> _Material for this exercise_
----

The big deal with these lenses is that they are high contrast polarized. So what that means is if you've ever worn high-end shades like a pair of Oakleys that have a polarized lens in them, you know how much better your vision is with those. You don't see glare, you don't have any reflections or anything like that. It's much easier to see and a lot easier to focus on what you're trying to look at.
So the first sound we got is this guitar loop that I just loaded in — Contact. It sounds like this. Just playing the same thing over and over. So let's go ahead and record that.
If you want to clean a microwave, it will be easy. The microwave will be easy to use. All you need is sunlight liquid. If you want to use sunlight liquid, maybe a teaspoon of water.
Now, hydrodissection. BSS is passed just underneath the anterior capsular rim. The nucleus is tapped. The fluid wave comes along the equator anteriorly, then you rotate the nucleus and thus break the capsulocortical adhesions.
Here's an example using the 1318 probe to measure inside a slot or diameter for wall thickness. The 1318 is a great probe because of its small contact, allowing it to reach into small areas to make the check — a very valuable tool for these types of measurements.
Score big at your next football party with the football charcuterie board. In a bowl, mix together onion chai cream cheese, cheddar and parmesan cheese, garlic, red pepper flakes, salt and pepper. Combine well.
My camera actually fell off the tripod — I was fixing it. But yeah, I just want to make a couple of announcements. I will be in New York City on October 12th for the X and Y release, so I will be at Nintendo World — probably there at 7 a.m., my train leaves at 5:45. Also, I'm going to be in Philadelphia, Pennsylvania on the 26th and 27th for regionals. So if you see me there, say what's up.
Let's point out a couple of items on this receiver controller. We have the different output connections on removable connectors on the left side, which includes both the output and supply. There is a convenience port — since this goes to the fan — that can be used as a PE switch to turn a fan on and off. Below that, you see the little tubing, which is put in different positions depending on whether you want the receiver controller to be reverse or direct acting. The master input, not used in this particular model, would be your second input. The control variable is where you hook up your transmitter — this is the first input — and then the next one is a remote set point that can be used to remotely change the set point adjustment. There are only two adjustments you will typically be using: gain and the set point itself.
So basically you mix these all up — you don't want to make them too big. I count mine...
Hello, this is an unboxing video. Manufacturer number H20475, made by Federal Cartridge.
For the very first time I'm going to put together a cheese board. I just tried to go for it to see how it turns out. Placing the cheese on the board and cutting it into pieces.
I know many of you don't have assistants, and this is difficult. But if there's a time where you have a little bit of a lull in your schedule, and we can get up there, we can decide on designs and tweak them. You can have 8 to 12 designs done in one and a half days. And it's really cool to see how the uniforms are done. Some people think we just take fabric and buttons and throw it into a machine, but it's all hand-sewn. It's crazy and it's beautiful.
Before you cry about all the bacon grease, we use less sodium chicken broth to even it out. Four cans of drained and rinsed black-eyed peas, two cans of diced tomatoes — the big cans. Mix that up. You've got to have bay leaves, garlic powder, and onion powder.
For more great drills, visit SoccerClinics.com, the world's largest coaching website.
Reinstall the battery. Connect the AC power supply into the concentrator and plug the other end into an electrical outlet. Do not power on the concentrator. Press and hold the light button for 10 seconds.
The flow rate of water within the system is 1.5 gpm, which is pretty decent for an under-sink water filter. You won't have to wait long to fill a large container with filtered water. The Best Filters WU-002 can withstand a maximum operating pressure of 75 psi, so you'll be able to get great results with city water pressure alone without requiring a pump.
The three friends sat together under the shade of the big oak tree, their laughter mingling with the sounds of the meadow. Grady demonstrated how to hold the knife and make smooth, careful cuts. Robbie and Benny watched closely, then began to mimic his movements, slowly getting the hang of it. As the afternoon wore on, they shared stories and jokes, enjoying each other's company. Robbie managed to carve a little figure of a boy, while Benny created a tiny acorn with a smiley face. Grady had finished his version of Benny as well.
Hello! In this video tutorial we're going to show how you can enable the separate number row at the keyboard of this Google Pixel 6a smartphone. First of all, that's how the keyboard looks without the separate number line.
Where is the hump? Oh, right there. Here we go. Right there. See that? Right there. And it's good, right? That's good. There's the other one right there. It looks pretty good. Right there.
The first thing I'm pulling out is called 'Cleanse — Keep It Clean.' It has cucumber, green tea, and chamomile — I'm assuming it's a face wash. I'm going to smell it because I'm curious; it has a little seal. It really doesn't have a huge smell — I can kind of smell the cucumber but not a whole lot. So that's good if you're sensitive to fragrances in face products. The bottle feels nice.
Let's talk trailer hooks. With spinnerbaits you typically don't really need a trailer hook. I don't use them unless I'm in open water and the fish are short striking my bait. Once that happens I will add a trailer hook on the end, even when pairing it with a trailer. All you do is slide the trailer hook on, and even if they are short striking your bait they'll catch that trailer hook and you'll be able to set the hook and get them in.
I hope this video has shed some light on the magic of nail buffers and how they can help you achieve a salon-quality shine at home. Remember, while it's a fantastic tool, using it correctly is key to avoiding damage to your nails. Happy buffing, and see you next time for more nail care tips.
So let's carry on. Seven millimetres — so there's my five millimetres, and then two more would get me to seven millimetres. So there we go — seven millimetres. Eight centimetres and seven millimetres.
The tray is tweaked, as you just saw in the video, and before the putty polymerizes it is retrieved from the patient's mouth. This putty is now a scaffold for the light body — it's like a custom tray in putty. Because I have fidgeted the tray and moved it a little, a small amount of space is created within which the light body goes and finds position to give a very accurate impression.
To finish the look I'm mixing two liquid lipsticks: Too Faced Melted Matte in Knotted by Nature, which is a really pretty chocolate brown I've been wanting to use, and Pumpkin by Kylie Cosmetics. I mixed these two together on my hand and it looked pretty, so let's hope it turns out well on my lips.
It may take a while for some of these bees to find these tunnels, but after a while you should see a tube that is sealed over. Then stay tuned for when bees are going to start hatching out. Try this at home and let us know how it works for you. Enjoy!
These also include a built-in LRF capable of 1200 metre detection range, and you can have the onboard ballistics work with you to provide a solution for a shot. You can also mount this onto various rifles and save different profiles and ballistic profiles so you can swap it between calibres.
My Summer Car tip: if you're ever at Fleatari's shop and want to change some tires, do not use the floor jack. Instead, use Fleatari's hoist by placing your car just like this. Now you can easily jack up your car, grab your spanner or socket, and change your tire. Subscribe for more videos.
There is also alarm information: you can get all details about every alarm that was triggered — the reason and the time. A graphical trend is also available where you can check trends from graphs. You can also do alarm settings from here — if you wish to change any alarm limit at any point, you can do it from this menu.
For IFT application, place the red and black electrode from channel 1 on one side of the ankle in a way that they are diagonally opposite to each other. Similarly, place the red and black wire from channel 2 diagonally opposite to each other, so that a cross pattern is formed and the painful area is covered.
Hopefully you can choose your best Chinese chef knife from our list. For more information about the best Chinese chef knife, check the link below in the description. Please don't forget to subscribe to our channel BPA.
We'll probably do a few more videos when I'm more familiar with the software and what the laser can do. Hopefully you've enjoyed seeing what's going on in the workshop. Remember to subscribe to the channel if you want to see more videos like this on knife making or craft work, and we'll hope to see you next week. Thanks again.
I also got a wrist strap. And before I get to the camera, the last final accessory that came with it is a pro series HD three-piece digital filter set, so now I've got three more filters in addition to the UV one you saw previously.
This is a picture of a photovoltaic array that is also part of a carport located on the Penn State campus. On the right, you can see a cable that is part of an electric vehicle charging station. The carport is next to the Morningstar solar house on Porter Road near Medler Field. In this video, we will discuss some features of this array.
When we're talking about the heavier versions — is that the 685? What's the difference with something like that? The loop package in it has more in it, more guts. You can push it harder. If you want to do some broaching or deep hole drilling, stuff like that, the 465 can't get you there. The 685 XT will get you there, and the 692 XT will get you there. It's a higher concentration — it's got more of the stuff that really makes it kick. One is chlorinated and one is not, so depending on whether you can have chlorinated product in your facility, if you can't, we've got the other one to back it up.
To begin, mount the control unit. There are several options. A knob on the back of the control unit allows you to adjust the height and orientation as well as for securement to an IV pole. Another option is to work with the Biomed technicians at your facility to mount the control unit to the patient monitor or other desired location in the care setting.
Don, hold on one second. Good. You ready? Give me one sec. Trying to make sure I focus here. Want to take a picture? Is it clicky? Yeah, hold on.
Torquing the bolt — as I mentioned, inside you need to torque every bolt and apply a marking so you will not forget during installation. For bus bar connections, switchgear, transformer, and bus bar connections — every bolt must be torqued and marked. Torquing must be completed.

----

> _What this task involves_
Output, from the data above, the lines from the line with "Hello! In this" to the line with "So let's carry" exactly as they stand, both ends included and nothing else.

> _Solution to this problem_
Hello! In this video tutorial we're going to show how you can enable the separate number row at the keyboard of this Google Pixel 6a smartphone. First of all, that's how the keyboard looks without the separate number line.
Where is the hump? Oh, right there. Here we go. Right there. See that? Right there. And it's good, right? That's good. There's the other one right there. It looks pretty good. Right there.
The first thing I'm pulling out is called 'Cleanse — Keep It Clean.' It has cucumber, green tea, and chamomile — I'm assuming it's a face wash. I'm going to smell it because I'm curious; it has a little seal. It really doesn't have a huge smell — I can kind of smell the cucumber but not a whole lot. So that's good if you're sensitive to fragrances in face products. The bottle feels nice.
Let's talk trailer hooks. With spinnerbaits you typically don't really need a trailer hook. I don't use them unless I'm in open water and the fish are short striking my bait. Once that happens I will add a trailer hook on the end, even when pairing it with a trailer. All you do is slide the trailer hook on, and even if they are short striking your bait they'll catch that trailer hook and you'll be able to set the hook and get them in.
I hope this video has shed some light on the magic of nail buffers and how they can help you achieve a salon-quality shine at home. Remember, while it's a fantastic tool, using it correctly is key to avoiding damage to your nails. Happy buffing, and see you next time for more nail care tips.
So let's carry on. Seven millimetres — so there's my five millimetres, and then two more would get me to seven millimetres. So there we go — seven millimetres. Eight centimetres and seven millimetres.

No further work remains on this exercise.